━━━ DATASET RECORDS ━━━
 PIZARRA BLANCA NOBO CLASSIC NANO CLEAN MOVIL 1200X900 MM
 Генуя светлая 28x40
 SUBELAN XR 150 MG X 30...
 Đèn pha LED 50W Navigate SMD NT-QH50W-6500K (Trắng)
━━━
━━━ DATASET RECORDS ━━━
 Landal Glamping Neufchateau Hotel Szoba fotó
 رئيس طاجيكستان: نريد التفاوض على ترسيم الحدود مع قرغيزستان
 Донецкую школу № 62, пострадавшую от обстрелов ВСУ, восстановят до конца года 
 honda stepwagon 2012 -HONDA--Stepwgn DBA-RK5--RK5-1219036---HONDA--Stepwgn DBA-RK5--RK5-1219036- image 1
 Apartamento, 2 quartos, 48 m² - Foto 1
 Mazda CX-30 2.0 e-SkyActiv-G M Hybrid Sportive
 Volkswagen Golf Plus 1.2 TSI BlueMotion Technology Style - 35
━━━
→ TASK PROMPT:
Once the line with "رئيس طاجيكستان: نريد" is found in the records above, print exactly that line and every line after it through the line with "Volkswagen Golf Plus".

→ RESULT:
 رئيس طاجيكستان: نريد التفاوض على ترسيم الحدود مع قرغيزستان
 Донецкую школу № 62, пострадавшую от обстрелов ВСУ, восстановят до конца года 
 honda stepwagon 2012 -HONDA--Stepwgn DBA-RK5--RK5-1219036---HONDA--Stepwgn DBA-RK5--RK5-1219036- image 1
 Apartamento, 2 quartos, 48 m² - Foto 1
 Mazda CX-30 2.0 e-SkyActiv-G M Hybrid Sportive
 Volkswagen Golf Plus 1.2 TSI BlueMotion Technology Style - 35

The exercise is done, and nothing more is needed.